- [Extracted material]:
———

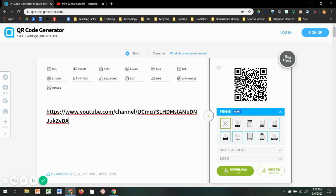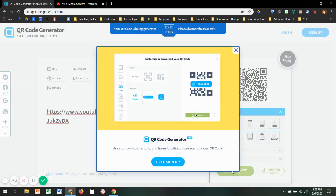There are different options for how you want it to look before you download it. Then I'm going to just click download. It's going to generate, and once it generates it will download right over here.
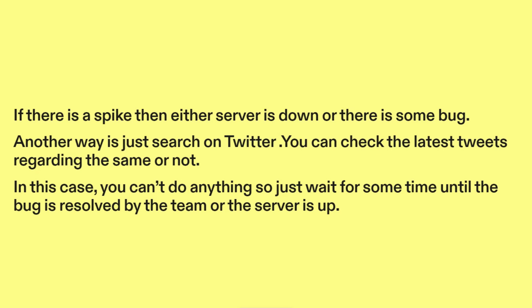Another way is to search on Twitter and check the latest tweets regarding the issue. In this case, you can't do anything, so just wait for some time until the bug is resolved by the team or the server is back up.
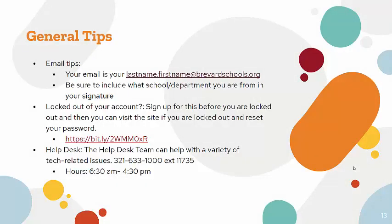Here are some general tips to help you. Your email will usually be your last name dot first name at BrevardSchools.org — though sometimes a middle initial or slight variation is added for common names or hyphenated names. When you set up your email signature, be sure to include your school and department. If you are locked out of your account, you can sign up for the self-service password reset feature — you must sign up before you are locked out, and then you can visit the site to reset your password. Directions are linked here in this slide.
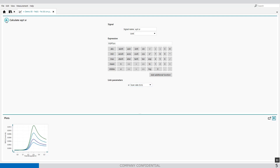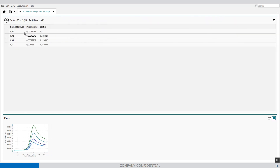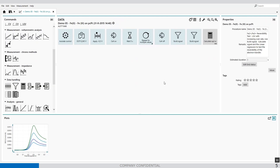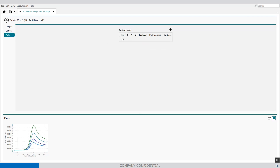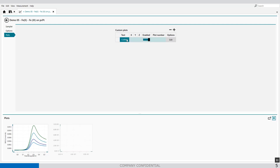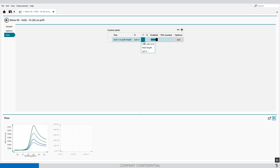After we've done this, we can go back, and now we've extracted all the information which is needed: peak height and square root over the scan rate. Now we can plot these variables by pressing more. When we press more, we can say plot, we can make a custom plot and add a new plot — square root of the scan rate versus peak height. In the x-axis I can say square root of the scan rate, and in the y-axis I can say peak height.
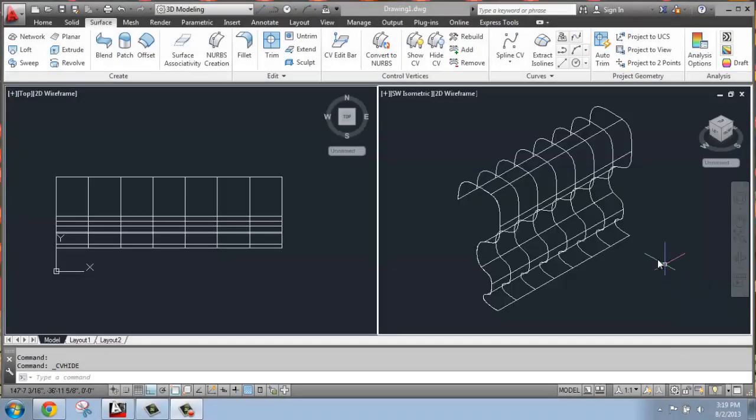In this AutoCAD tutorial, I want to point out that you can add and remove control vertices to a NURB surface.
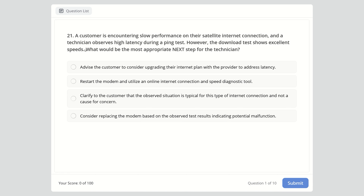Question 21: A customer is encountering slow performance on their satellite internet connection, and a technician observes high latency during a ping test. However, the download test shows excellent speeds. What would be the most appropriate next step? Options: upgrade the internet plan; restart the modem and use an online speed diagnostic tool; inform the customer this is normal for satellite; or replace the modem.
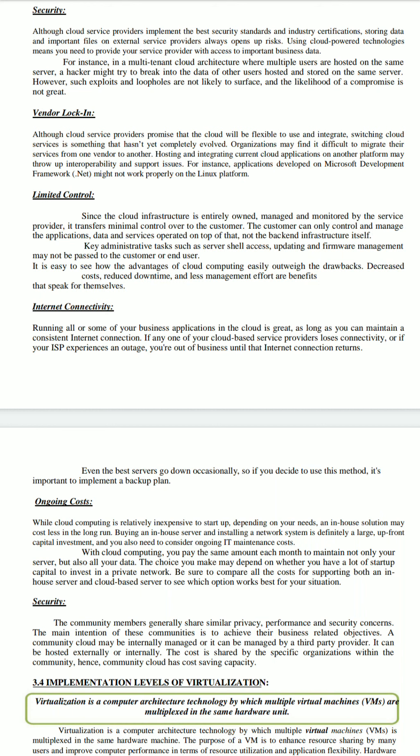Thank you class. This session is provided by Digital Version 2.0, Jyoti Vidya Peeth Women's University. If you have any queries regarding this session, please comment below. Thank you.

———

- [What the exercise asks]: Where the line containing "In this AutoCAD" appears in the data above, begin there and output every line through the last, exactly and without pictures.

- [Final answer]:
In this AutoCAD tutorial, I want to point out that you can add and remove control vertices to a NURB surface.
Question 21: A customer is encountering slow performance on their satellite internet connection, and a technician observes high latency during a ping test. However, the download test shows excellent speeds. What would be the most appropriate next step? Options: upgrade the internet plan; restart the modem and use an online speed diagnostic tool; inform the customer this is normal for satellite; or replace the modem.
Thank you class. This session is provided by Digital Version 2.0, Jyoti Vidya Peeth Women's University. If you have any queries regarding this session, please comment below. Thank you.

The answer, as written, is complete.